• _ACTIVITY_:
For the listing below, output exactly the lines from the line with "Modern Shapes Pillow" up to and including the line with "Unisex Baby Schlafanzüge", and no other lines.

• _EXTRACTED MATERIAL_:
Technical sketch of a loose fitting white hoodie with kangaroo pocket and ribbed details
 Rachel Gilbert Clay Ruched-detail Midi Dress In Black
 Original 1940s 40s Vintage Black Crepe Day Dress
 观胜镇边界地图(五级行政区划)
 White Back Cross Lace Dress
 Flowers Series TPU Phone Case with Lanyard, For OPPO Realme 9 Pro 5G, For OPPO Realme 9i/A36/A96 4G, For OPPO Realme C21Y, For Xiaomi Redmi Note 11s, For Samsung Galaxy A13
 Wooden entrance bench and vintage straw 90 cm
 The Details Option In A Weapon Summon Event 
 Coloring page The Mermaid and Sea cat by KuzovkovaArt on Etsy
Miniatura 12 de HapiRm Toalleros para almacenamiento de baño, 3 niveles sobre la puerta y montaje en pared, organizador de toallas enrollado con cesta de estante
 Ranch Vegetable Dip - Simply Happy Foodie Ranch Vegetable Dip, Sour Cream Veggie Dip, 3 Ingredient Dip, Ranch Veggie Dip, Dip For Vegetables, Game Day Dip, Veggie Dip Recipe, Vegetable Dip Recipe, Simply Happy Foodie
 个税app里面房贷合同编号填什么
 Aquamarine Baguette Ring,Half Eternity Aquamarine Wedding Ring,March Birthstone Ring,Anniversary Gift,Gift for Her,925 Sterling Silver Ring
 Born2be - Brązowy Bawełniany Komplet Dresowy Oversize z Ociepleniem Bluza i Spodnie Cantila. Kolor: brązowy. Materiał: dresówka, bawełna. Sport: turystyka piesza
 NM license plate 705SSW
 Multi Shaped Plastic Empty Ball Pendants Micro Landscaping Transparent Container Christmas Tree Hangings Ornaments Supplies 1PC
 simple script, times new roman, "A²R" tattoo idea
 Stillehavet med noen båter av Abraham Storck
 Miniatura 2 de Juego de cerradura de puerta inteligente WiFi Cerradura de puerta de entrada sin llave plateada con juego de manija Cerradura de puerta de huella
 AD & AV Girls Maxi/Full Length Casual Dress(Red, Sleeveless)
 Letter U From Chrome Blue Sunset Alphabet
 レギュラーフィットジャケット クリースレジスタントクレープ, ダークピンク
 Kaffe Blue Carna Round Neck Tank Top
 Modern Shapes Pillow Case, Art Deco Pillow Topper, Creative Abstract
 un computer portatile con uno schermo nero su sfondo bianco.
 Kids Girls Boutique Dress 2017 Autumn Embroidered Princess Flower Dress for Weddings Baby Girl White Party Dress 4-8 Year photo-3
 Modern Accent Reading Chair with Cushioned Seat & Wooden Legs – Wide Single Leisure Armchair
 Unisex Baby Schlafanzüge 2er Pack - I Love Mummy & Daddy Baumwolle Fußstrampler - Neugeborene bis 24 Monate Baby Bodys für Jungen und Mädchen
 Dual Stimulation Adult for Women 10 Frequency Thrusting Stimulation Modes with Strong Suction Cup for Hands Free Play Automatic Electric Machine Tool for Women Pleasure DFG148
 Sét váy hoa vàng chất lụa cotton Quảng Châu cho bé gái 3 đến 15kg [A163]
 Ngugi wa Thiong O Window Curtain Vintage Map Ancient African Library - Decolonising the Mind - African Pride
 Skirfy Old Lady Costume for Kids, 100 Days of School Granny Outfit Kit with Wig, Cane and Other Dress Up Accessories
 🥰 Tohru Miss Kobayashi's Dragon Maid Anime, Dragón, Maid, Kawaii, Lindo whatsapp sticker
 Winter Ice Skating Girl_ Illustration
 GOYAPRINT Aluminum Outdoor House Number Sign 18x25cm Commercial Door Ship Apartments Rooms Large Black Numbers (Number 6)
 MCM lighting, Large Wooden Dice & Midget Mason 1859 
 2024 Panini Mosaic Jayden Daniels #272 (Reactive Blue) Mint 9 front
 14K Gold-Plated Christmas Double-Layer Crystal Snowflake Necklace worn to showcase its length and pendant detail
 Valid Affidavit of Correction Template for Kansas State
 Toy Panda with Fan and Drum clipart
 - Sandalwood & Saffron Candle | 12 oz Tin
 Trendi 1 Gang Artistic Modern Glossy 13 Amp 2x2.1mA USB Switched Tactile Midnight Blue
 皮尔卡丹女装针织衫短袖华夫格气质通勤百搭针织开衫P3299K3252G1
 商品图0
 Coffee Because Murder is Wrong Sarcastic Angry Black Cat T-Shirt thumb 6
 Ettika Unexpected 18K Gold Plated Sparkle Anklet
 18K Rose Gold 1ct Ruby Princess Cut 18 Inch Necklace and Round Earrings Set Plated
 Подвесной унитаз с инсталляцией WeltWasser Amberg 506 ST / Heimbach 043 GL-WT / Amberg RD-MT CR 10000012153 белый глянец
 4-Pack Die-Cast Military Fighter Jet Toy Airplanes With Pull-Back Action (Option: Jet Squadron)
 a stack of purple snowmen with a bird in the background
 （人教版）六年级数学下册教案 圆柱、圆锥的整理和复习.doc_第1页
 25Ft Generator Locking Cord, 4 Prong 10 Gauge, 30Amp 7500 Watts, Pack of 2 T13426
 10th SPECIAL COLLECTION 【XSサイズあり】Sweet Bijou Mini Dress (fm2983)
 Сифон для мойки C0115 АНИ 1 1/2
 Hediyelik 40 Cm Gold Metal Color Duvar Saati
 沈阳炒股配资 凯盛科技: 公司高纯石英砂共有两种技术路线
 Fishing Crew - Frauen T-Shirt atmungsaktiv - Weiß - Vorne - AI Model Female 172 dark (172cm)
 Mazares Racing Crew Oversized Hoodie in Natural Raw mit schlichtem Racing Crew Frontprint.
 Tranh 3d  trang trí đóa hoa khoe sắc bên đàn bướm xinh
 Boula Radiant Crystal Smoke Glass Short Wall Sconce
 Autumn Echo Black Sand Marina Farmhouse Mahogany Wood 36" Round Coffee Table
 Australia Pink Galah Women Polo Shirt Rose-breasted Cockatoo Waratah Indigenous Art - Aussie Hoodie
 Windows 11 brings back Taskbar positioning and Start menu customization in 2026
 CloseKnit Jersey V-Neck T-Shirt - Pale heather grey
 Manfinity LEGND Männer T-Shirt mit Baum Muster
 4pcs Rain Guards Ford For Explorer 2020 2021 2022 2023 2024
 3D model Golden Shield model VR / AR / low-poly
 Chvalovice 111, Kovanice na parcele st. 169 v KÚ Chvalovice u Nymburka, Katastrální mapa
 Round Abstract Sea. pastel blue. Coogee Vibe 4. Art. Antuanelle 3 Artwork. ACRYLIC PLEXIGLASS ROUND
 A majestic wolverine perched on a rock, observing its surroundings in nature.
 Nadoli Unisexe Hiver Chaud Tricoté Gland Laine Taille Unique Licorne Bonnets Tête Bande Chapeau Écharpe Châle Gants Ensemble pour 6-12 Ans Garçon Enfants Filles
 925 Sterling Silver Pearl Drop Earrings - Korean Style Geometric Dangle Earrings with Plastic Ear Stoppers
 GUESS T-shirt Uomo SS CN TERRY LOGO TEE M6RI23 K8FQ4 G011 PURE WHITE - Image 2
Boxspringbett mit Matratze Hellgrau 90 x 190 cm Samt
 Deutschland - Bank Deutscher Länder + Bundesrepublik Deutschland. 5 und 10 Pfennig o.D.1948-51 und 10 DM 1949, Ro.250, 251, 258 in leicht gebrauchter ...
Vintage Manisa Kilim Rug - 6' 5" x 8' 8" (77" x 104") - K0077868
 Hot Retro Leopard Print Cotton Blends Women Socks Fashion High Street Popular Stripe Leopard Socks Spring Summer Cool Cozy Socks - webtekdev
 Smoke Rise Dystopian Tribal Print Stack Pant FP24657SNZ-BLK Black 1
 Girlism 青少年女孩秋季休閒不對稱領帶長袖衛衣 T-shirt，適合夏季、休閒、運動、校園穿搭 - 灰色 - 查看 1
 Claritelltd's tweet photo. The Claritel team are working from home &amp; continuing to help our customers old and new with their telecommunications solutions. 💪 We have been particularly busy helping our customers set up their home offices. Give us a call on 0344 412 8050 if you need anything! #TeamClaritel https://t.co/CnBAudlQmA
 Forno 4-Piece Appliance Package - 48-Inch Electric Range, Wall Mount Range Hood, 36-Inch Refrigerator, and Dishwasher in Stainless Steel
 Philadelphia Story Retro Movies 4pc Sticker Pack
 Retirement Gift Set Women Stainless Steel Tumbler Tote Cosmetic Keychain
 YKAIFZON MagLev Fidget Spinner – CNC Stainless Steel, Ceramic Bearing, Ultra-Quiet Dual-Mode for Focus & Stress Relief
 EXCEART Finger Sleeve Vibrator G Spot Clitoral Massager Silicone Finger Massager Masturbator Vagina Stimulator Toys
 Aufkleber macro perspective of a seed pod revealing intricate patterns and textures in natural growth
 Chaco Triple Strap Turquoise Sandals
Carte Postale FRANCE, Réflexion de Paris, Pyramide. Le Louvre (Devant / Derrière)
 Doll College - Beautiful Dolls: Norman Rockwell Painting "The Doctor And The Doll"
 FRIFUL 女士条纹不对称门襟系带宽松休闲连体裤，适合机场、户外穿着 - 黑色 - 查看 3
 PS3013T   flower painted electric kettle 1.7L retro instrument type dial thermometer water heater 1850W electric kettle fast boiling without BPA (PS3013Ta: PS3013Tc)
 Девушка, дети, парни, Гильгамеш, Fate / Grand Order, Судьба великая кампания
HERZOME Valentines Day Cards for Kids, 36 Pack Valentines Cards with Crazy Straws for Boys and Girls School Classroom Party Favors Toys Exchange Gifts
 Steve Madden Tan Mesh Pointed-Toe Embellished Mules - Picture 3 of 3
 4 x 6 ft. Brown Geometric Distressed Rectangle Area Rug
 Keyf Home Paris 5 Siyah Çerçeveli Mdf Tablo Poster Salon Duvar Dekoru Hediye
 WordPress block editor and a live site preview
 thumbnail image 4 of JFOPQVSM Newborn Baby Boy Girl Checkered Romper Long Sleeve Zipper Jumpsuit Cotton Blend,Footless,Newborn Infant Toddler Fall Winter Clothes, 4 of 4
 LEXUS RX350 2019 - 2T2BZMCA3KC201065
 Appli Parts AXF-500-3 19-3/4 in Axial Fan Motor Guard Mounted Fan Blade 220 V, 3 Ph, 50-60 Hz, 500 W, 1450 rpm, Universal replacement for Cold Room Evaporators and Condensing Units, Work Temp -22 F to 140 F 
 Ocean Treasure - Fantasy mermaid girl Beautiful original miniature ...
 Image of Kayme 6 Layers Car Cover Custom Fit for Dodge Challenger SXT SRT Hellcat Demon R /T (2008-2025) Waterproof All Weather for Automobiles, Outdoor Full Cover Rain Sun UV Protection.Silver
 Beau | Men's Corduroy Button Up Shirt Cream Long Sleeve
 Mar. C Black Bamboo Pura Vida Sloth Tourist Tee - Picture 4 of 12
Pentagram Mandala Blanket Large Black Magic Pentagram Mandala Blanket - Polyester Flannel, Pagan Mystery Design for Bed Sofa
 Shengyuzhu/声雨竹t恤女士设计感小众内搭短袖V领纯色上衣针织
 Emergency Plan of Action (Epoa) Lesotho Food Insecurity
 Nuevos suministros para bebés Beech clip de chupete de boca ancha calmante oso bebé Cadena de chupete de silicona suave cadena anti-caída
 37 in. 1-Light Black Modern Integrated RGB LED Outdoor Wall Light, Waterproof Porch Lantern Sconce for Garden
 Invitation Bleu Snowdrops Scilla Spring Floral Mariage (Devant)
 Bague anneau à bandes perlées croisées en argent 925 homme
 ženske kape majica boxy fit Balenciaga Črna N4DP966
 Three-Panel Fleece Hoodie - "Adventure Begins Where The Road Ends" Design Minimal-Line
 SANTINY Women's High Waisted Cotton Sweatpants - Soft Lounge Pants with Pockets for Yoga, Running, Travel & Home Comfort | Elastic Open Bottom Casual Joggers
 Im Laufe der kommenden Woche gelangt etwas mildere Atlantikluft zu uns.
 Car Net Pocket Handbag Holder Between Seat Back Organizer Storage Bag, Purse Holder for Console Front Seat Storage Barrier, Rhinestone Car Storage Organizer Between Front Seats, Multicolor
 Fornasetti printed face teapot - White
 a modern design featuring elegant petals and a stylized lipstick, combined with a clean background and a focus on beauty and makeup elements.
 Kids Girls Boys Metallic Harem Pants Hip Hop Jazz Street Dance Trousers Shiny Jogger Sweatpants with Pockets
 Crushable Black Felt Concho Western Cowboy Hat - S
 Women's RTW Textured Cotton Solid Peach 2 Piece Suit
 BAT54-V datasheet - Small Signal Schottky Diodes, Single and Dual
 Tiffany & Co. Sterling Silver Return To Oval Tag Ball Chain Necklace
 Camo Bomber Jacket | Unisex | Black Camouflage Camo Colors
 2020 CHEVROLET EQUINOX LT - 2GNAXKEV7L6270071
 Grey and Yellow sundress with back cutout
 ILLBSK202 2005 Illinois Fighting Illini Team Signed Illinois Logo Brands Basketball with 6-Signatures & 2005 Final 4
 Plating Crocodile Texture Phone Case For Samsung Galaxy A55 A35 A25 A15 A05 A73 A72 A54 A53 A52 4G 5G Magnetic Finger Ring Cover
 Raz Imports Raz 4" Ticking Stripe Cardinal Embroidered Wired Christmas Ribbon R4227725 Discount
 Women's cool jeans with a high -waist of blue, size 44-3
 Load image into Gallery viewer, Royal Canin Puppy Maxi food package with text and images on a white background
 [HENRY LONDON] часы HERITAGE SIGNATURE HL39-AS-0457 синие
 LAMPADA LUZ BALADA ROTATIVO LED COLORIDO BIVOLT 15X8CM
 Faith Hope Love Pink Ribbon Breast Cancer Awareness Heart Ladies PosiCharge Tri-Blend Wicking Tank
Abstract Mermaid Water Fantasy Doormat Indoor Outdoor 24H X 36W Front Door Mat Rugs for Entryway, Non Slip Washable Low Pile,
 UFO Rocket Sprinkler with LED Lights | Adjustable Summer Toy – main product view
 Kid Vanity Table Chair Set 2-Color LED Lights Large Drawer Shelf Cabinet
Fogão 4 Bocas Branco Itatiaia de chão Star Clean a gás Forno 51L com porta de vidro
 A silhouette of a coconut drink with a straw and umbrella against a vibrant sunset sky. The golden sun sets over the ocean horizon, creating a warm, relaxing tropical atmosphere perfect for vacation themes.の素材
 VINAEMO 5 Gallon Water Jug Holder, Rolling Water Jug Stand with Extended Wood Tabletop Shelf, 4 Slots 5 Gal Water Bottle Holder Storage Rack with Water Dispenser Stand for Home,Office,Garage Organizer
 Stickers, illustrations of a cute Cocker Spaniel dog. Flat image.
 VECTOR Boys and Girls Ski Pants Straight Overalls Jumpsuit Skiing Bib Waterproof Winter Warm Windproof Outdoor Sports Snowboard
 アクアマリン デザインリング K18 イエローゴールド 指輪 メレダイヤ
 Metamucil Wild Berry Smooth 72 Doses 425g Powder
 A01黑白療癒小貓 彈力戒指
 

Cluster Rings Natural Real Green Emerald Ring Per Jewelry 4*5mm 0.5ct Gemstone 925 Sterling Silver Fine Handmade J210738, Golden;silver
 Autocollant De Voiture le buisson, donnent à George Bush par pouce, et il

• _YOUR RESPONSE_:
 Modern Shapes Pillow Case, Art Deco Pillow Topper, Creative Abstract
 un computer portatile con uno schermo nero su sfondo bianco.
 Kids Girls Boutique Dress 2017 Autumn Embroidered Princess Flower Dress for Weddings Baby Girl White Party Dress 4-8 Year photo-3
 Modern Accent Reading Chair with Cushioned Seat & Wooden Legs – Wide Single Leisure Armchair
 Unisex Baby Schlafanzüge 2er Pack - I Love Mummy & Daddy Baumwolle Fußstrampler - Neugeborene bis 24 Monate Baby Bodys für Jungen und Mädchen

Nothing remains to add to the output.